(CN) - The Supreme Court on Monday said it would review the employment discrimination class action against Wal-Mart, which threatens to cost the world's largest private employer billions in damages.
The 9th Circuit ruled 6-5 in April to send the case to trial, but the high court took up one of Wal-Mart's arguments for an appeal: whether a class action is an appropriate forum for individual employees' claims.
Six women sued the Bentonville, Ark.-based company in San Francisco Federal Court in 2001, claiming they received less pay and fewer promotions than men in comparable positions.
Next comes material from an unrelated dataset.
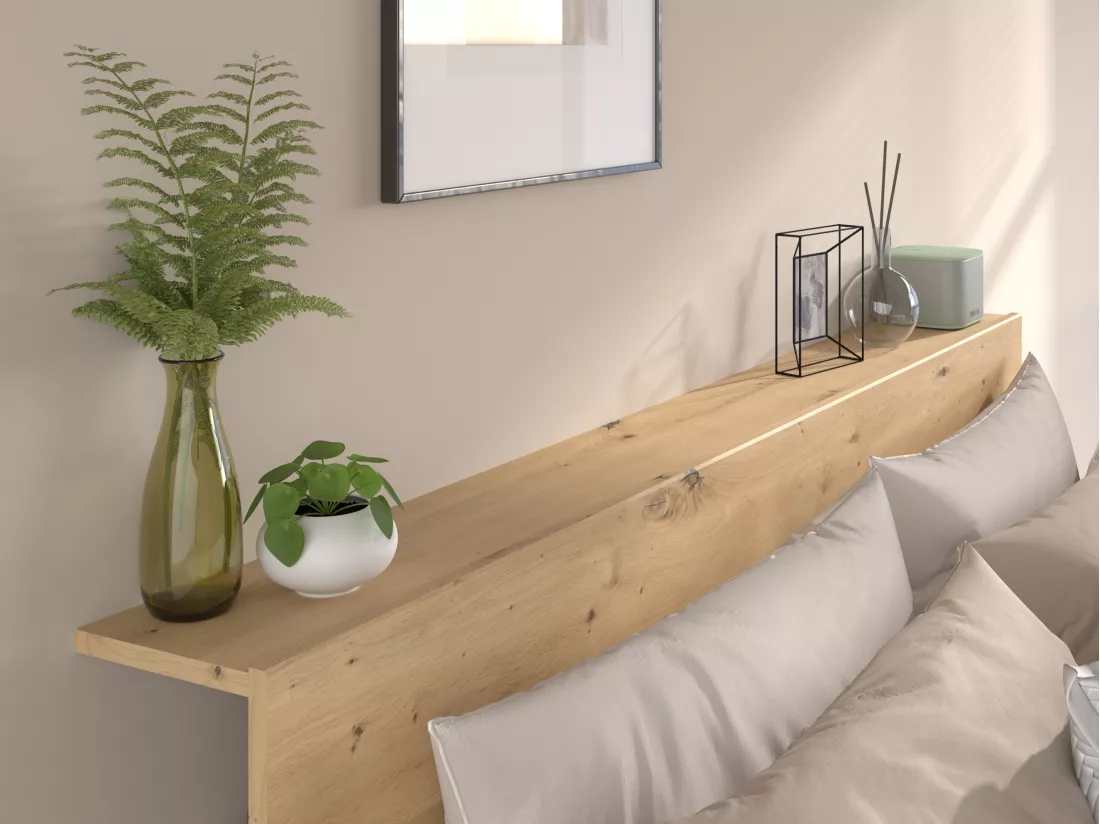 Lit coffre 140 x 190 cm - Coloris : Naturel et noir + Matelas - RADANI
A federal judge ruled that the class should encompass "all women employed by Wal-Mart at any time after Dec. 26, 1998," across the company's 3,400 stores.
Wal-Mart argued that the proposed class - an estimated 1.5 million women - is too big to fight, and that employees should file individual lawsuits.
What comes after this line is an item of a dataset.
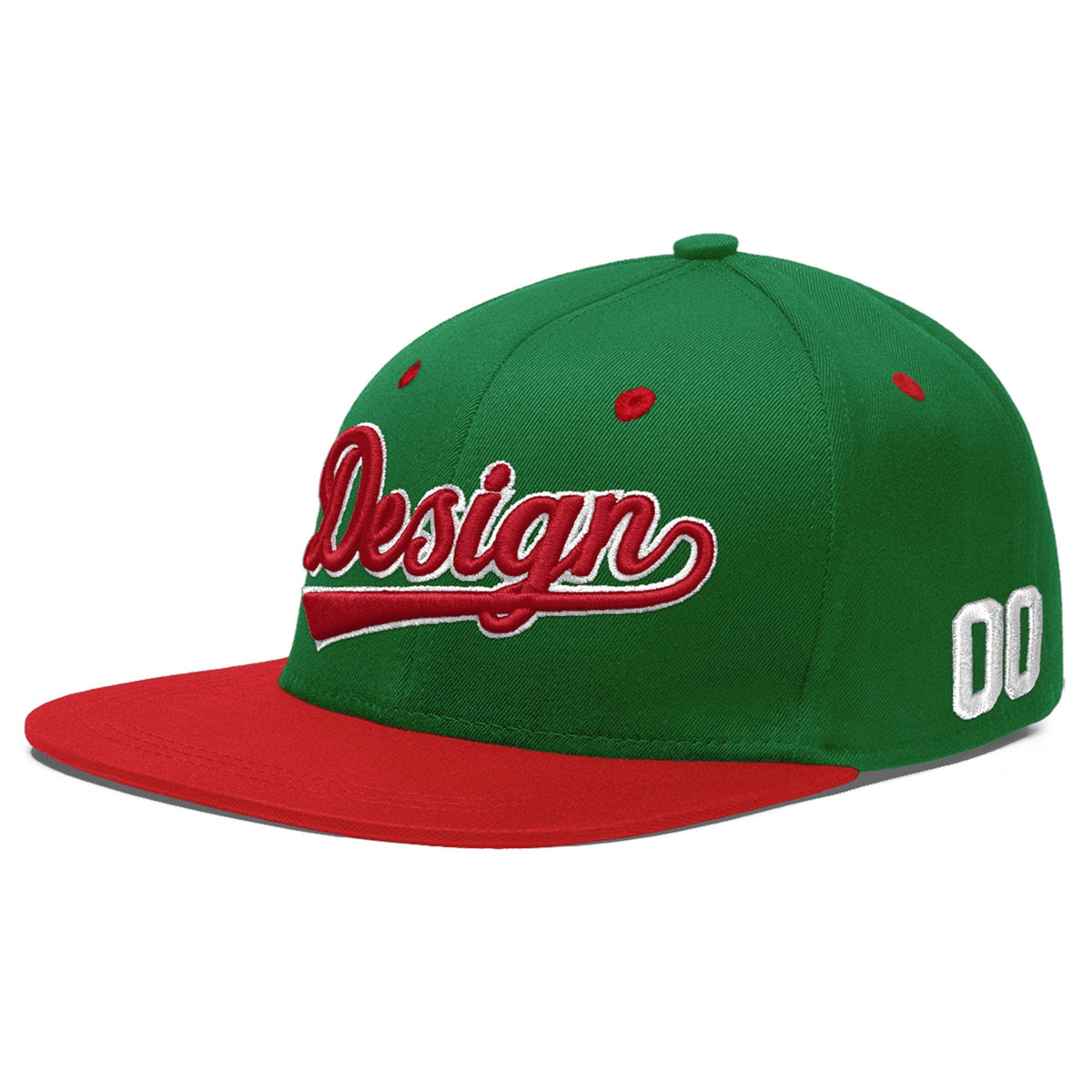 Custom Kelly Green Red 3D Puff Embroidery Flat Embroidery Casual Sport Baseball Cap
One circuit judge who affirmed the case wrote in April that "mere size does not render a case unmanageable."
In a dissenting opinion from the April decision, Judge Sandra Ikuta wrote: "No court has ever certified a class like this one, until now. And with good reason. In this case, six women who have worked in thirteen of Wal-Mart's 3,400 stores seek to represent every woman who has worked in those stores over the course of the last decade - a class estimated in 2001 to include more than 1.5 million women."